== WHAT TO DO ==
Retype, exactly as written, every line from the one containing "Adesivo Autismo Lei" through the last line of the records below, both included; skip the pictures.

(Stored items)
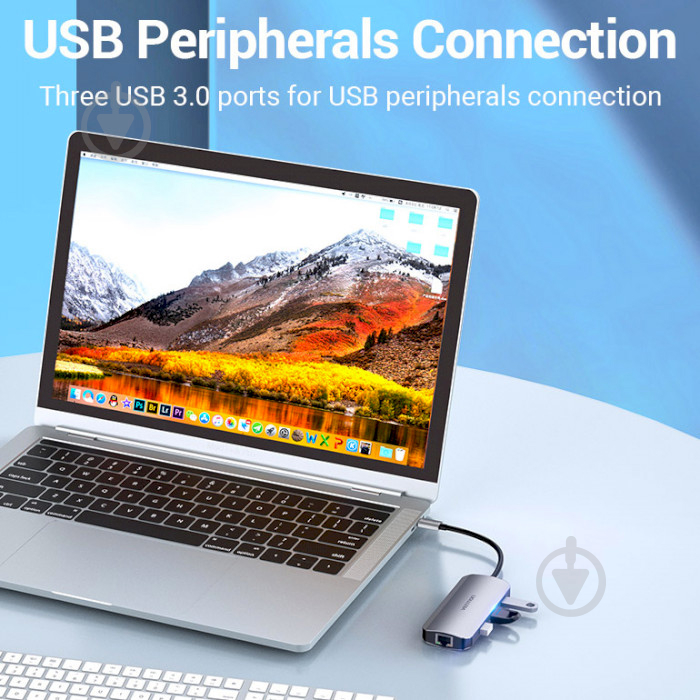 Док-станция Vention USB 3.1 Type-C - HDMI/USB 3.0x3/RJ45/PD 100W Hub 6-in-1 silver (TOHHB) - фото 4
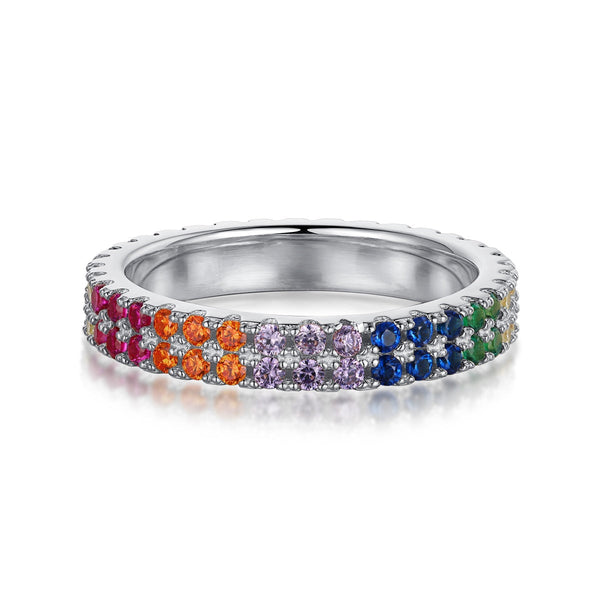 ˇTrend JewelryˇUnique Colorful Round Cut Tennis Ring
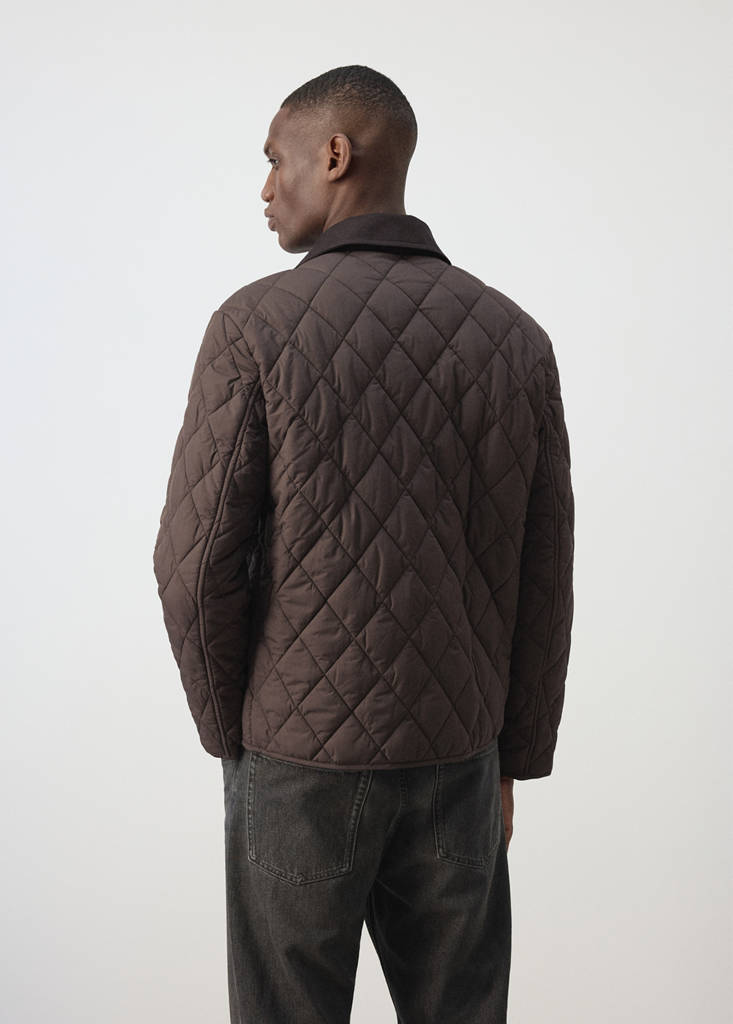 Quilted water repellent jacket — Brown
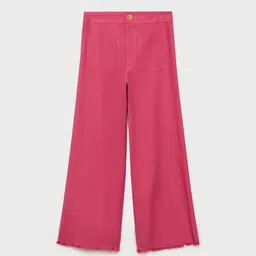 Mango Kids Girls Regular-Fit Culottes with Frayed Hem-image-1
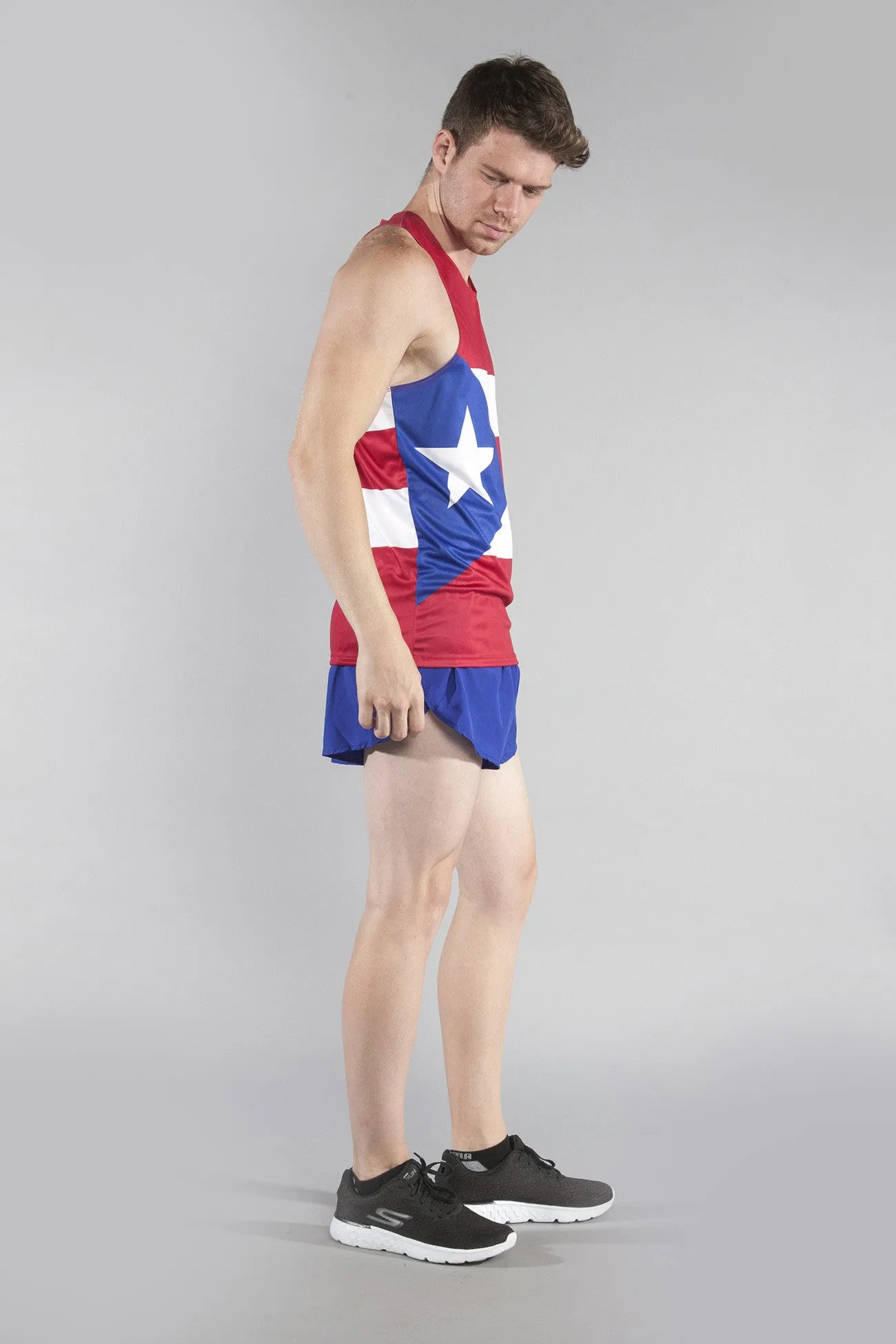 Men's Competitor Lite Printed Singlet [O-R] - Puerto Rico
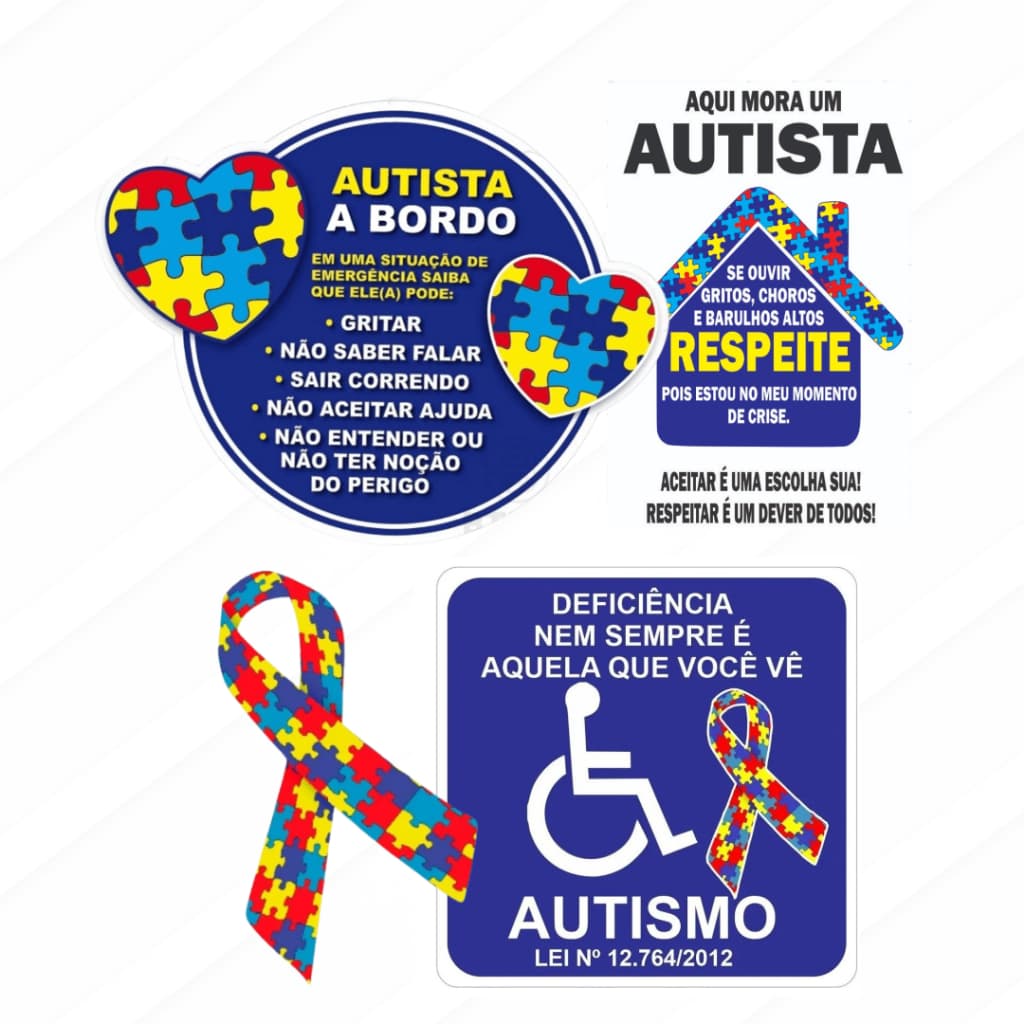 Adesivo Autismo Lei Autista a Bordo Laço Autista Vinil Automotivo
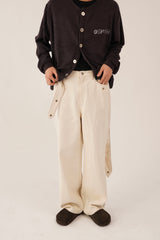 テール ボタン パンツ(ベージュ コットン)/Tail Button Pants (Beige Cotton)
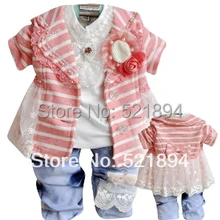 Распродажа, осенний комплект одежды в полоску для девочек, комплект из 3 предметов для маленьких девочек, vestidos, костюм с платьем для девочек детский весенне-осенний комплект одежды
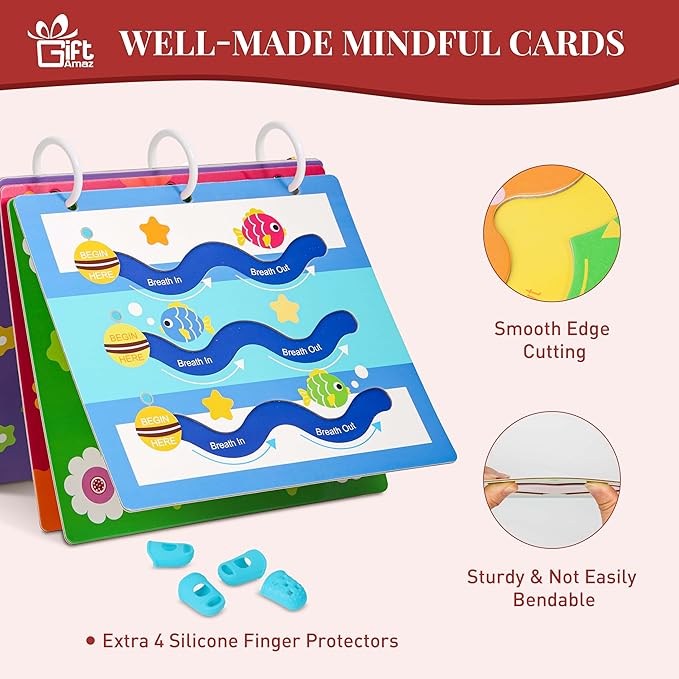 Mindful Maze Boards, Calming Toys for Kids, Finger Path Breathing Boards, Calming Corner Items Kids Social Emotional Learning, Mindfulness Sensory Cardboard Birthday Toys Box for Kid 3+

== YOUR RESPONSE ==
 Adesivo Autismo Lei Autista a Bordo Laço Autista Vinil Automotivo
 テール ボタン パンツ(ベージュ コットン)/Tail Button Pants (Beige Cotton)
 Распродажа, осенний комплект одежды в полоску для девочек, комплект из 3 предметов для маленьких девочек, vestidos, костюм с платьем для девочек детский весенне-осенний комплект одежды
 Mindful Maze Boards, Calming Toys for Kids, Finger Path Breathing Boards, Calming Corner Items Kids Social Emotional Learning, Mindfulness Sensory Cardboard Birthday Toys Box for Kid 3+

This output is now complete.